My much bigger concern is what happens after it is rescued? Bringing something back to life wins a battle but the war ain’t over. It has to be maintained on an ongoing basis like everything else. If there isn’t also commitment to maintain it, then no vendor, partner, or developer is going to commit to using it, making it an exercise in futility.
So, not that I have any official say in the matter. But my suggestion would to make sure there is some commitment to keep it alive after resuscitating it before throwing money at it.
The correlation to OpenSolo is a good one, but probably not the same perspective as Buzz. We rescued it and made it relevant again, which was great. And yes, we indeed did it for free. However, just because it was free, it was not without cost. It was a tremendous amount of personal time spent by several people over the course of a year.
And I will tell you I personally spent WAY more of my personal time on it than I should have. It came at significant cost to other things in life. So I would actually strongly disagree that just because Open Solo happened for free, than DroneKit should too. I would not want or expect someone to do that. And then also expect them to continue maintaining it.
I have a question and it might be a dumb one. Is there an “official” or at least “best practice” way to program companion computers? Like rmackay9 says, there are some competitors but Dronekit is a fairly OK system and, from my understanding, assumed to be more or less the default for companions.
Apart from the fact that Dronekit needs maintenance, python2 is out by 2020. How much of a problem will that be?
Personally, I am rather fond of Dronekit and would contribute to a funding campaign for maintenance.
Hi there, I’ve spend last couple days experimenting with DroneKit and exploring other options.
What I have found is that DroneCode seem to be actively developing MAVSDK so will end up with a more complete API to the autopilot but the Ardupilot ROVER is significantly more advanced that what DroneCode (PX4) offers. Maybe I am missing something, is there a replacement to DroneKit I have missed?
It seems the nothing else really exists to replace DroneKit if it does start to fall behind too much.
Has this been resolved has this topic been resolved by the devs?
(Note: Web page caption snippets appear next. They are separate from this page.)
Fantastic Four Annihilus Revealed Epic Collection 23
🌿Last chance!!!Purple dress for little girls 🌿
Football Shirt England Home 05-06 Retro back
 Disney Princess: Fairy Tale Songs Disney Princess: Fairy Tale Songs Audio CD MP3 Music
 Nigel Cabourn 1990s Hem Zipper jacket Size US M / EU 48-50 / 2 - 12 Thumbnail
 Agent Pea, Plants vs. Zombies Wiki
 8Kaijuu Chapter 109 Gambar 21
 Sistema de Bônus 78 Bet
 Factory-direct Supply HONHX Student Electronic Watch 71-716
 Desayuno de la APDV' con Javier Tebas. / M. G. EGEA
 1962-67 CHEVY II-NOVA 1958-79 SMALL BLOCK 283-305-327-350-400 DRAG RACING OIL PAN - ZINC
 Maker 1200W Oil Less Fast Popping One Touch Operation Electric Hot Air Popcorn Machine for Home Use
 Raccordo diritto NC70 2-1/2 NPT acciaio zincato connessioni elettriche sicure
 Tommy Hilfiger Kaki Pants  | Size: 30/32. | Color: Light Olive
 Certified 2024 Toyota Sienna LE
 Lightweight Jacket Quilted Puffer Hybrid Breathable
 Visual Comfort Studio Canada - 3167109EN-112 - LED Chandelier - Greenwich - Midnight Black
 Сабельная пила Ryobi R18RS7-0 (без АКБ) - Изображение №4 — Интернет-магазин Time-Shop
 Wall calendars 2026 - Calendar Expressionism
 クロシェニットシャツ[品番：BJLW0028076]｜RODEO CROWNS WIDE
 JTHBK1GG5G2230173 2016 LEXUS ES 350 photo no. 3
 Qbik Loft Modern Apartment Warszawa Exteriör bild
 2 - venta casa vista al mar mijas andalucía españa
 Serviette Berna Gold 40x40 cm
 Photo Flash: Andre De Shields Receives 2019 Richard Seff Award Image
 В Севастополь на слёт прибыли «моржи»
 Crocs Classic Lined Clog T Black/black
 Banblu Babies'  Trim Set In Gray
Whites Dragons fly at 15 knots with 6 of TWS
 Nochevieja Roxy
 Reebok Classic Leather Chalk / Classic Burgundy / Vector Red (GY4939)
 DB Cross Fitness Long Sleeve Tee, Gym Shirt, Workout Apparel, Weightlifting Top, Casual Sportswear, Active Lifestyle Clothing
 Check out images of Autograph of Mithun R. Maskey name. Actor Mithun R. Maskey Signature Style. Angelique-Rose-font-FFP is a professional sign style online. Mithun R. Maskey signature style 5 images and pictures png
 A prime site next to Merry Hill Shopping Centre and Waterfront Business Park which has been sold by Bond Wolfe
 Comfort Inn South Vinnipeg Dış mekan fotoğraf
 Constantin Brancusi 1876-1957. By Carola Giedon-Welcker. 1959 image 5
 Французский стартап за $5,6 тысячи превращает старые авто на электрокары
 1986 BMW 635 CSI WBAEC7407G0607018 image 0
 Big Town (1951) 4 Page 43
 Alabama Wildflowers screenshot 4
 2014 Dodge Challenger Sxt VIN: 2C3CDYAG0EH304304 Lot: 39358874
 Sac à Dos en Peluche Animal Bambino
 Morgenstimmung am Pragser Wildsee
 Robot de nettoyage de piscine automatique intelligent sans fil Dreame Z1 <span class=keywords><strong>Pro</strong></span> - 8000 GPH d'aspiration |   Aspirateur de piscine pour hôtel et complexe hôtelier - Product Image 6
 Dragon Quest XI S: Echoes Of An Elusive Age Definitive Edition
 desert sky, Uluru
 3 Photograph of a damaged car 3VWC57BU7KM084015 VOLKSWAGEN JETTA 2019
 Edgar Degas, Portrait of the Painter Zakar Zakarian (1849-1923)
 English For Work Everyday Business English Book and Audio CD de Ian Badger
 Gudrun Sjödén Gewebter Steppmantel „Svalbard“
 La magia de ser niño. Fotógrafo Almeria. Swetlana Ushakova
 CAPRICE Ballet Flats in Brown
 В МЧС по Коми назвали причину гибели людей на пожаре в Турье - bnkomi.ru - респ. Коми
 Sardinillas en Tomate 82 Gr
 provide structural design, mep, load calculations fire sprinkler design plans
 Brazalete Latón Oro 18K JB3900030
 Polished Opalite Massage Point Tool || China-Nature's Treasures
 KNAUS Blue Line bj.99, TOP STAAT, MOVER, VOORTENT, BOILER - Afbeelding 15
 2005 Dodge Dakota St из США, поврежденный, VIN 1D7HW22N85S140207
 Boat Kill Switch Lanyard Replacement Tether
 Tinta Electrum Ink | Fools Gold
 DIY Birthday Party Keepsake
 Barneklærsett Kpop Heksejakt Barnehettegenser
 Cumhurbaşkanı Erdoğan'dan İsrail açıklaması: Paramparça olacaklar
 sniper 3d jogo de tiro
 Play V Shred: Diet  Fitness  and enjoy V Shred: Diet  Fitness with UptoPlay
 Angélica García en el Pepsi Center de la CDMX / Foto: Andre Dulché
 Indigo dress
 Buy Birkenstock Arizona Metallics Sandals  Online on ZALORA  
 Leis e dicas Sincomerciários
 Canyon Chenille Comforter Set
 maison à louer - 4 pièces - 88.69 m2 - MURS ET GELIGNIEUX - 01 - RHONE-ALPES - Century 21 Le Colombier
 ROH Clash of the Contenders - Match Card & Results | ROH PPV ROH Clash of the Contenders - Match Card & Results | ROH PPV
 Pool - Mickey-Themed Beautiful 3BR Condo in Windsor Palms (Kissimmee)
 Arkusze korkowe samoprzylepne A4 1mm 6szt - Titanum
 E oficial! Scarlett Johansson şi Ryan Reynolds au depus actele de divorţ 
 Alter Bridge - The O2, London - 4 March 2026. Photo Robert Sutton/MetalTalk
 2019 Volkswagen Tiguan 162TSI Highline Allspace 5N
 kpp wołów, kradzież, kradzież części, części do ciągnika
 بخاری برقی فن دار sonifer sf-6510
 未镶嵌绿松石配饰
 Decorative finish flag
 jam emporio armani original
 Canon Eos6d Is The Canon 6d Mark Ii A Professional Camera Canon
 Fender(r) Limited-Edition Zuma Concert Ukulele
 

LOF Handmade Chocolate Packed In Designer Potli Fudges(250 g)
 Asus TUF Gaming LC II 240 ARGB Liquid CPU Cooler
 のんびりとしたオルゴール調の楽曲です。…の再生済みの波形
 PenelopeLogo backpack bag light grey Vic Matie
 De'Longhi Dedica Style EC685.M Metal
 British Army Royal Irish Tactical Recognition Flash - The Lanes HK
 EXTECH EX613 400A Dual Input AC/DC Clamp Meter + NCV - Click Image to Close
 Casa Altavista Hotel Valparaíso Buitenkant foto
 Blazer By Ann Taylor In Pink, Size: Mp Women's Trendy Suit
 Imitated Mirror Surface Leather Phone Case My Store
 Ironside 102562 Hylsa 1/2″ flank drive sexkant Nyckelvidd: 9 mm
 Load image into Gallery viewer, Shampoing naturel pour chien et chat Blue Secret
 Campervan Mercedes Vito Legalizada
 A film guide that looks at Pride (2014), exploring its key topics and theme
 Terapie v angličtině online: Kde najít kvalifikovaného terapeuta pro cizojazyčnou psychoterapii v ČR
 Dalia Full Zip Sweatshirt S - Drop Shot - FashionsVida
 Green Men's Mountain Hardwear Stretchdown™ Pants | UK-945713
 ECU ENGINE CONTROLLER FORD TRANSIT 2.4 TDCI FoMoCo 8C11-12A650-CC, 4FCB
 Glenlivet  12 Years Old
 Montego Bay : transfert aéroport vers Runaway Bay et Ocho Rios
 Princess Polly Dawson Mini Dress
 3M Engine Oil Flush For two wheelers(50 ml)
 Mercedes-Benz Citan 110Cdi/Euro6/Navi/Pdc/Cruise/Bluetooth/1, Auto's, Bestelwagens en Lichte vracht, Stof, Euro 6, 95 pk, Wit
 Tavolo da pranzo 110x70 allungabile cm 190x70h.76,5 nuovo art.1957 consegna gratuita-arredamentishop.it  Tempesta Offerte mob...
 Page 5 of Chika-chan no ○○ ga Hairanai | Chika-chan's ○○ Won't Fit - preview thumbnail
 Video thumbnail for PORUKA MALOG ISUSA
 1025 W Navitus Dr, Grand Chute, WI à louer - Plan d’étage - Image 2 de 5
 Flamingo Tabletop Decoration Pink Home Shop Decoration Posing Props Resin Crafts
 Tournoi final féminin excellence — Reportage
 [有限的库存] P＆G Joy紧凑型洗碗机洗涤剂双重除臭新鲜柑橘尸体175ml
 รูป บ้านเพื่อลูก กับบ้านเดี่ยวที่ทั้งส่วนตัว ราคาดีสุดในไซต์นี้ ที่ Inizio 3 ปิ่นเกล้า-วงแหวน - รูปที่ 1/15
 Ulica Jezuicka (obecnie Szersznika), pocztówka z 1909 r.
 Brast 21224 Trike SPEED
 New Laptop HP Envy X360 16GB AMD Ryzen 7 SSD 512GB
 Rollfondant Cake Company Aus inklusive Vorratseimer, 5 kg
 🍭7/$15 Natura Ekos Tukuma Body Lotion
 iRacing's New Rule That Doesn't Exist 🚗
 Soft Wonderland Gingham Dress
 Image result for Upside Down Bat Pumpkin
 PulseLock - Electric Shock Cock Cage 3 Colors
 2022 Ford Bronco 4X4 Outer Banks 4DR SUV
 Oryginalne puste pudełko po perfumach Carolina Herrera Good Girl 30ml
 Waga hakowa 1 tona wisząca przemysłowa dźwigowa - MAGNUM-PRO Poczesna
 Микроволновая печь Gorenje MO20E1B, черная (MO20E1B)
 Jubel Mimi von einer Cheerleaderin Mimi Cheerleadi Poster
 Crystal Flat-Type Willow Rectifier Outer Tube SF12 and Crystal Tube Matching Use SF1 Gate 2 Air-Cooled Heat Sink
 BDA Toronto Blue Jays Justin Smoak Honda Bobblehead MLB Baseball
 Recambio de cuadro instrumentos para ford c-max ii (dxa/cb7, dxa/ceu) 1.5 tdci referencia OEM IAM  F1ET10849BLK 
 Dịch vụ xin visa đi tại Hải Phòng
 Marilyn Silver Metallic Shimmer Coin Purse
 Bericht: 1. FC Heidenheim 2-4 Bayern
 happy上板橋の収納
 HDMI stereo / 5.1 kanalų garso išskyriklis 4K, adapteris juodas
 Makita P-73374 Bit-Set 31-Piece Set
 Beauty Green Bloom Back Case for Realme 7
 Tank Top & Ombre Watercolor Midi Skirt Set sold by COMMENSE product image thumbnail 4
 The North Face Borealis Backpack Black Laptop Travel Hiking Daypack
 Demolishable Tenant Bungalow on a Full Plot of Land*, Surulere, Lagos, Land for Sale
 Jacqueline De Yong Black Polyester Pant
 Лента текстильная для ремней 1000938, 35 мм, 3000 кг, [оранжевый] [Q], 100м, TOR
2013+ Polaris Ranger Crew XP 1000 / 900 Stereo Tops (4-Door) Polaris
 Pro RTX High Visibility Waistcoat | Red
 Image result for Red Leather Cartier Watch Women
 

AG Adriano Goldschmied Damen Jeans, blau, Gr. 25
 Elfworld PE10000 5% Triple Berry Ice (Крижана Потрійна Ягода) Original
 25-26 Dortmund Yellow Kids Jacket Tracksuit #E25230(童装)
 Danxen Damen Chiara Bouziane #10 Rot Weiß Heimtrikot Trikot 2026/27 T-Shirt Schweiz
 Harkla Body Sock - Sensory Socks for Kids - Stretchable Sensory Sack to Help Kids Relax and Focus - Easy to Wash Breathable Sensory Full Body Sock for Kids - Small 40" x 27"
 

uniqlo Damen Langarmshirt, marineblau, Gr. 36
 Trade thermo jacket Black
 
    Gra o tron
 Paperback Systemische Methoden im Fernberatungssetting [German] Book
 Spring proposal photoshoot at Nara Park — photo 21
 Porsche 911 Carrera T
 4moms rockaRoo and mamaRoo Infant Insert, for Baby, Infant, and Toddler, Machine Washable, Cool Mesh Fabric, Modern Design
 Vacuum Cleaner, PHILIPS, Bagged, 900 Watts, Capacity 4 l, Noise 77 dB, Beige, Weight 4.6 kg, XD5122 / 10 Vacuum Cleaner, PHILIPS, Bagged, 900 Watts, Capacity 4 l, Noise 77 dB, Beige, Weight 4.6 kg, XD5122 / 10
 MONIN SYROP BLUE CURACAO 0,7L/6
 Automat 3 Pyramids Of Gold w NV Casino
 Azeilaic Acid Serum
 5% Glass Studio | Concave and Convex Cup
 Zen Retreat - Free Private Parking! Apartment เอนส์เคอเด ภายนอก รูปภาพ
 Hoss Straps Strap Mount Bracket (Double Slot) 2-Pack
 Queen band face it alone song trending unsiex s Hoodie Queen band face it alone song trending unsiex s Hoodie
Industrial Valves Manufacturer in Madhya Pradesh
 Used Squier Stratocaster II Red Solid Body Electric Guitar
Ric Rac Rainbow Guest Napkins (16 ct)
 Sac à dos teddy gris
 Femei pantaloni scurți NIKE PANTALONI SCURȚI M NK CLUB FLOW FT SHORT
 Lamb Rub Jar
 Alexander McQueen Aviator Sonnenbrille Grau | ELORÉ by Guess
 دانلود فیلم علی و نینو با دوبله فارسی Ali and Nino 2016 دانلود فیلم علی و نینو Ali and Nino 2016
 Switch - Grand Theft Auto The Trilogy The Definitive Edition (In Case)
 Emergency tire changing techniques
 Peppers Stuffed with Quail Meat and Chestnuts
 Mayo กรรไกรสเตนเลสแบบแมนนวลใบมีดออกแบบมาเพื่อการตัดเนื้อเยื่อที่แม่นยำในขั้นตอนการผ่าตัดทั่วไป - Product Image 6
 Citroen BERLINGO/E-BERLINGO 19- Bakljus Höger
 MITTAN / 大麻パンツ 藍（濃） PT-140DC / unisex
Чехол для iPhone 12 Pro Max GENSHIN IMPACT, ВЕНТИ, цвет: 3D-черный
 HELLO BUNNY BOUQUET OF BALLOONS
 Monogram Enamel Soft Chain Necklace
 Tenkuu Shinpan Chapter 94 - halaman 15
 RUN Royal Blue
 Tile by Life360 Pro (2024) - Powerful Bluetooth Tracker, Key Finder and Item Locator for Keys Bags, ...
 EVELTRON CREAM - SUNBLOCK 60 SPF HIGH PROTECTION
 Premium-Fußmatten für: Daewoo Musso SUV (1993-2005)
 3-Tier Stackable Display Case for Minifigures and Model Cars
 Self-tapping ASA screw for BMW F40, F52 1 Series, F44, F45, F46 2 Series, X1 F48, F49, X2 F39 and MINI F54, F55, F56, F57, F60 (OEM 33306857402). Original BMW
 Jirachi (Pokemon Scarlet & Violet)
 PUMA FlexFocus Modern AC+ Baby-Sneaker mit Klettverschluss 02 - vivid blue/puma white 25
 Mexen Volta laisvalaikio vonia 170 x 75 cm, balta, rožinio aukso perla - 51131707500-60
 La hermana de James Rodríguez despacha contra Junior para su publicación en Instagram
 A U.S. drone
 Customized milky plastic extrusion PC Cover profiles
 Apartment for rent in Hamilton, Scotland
If there was a fundraising, I would contribute a small amount.
just a quick reply to let you know I’ve reached in to get a proper answer for you.
I suspect we’ll end up supporting both, with a DroneKit refresh first whilst we continue to debate the merits (and politics) of mavsdk.
We had a vote on whether to fund this proposal or not and the result was Yes:56%, No:44%. Technically this is enough to proceed but there apparently wasn’t a lot of enthusiasm so I’m not planning on progressing with this effort.